Since the copy must hold text only, transcribe the data below exactly and omit the images.

Raw data:

- - -

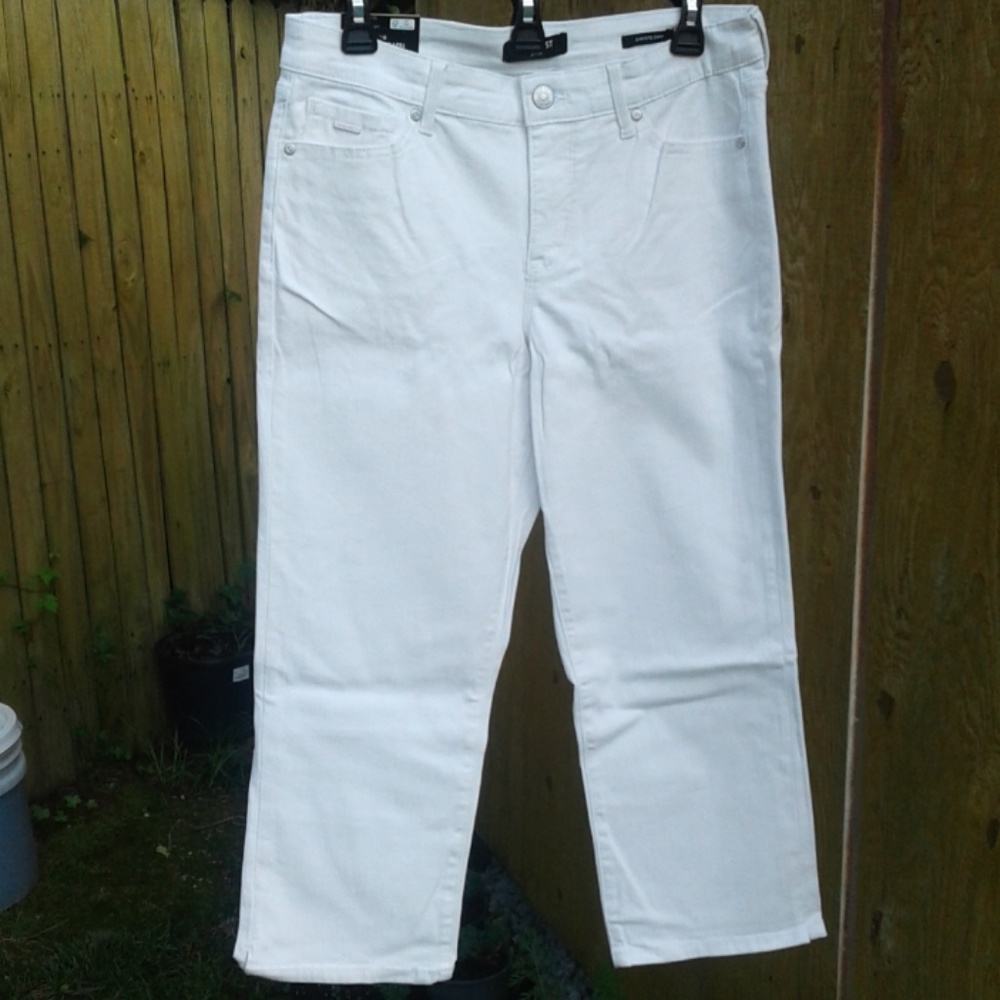 🎈BRAND NEW🎈NINE WEST WHITE CAPRI JEANS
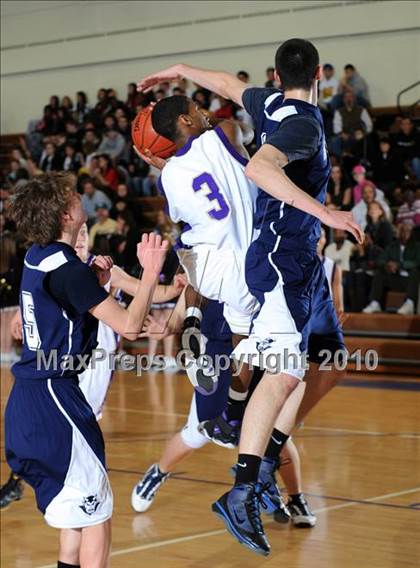 Thumbnail 2 in Huntington @ Islip photogallery.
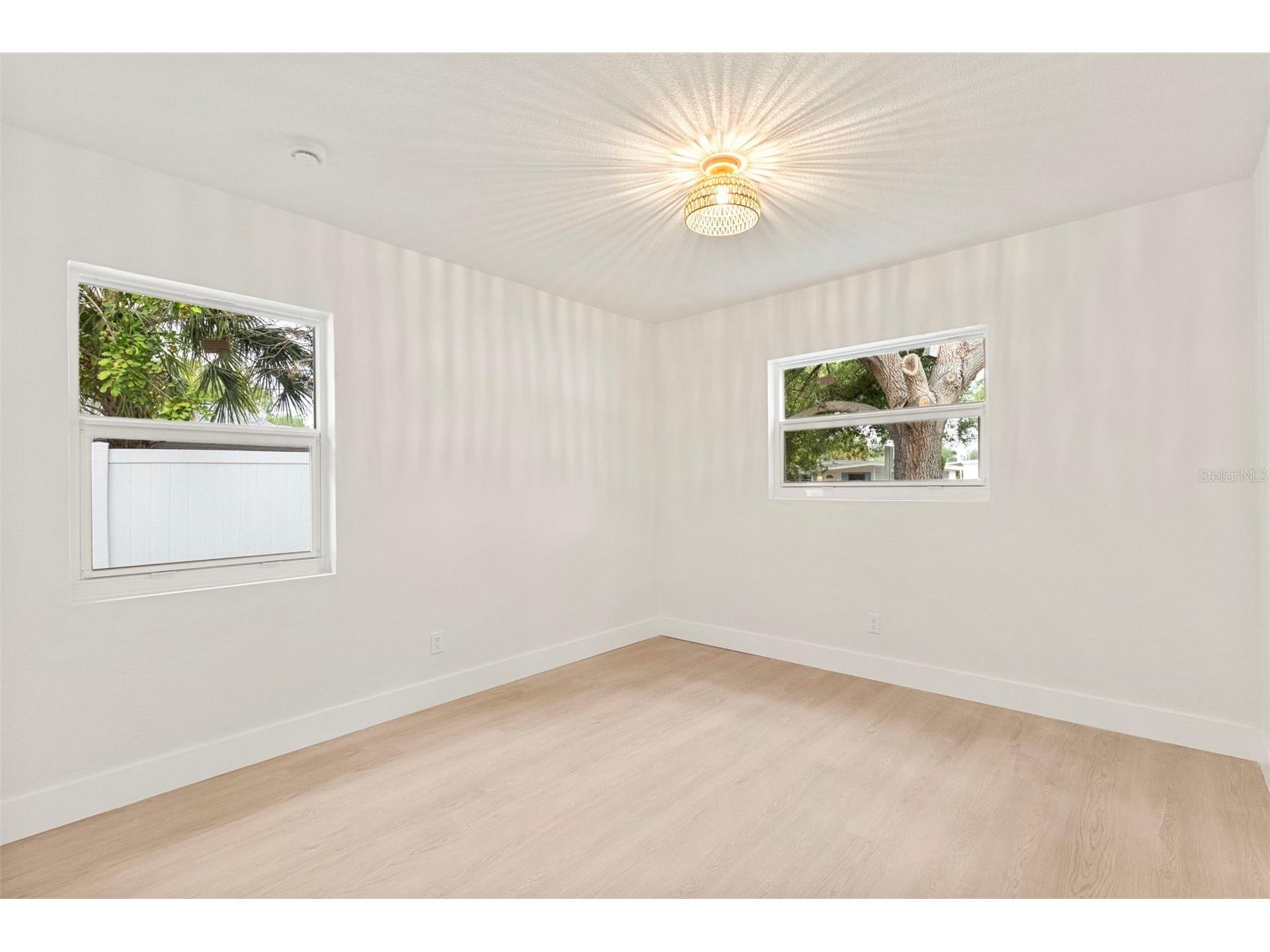 7042 Dartmouth Avenue N Saint Petersburg FL 33710 TB8504777 image30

- - -

Answer area:
 🎈BRAND NEW🎈NINE WEST WHITE CAPRI JEANS
 Thumbnail 2 in Huntington @ Islip photogallery.
 7042 Dartmouth Avenue N Saint Petersburg FL 33710 TB8504777 image30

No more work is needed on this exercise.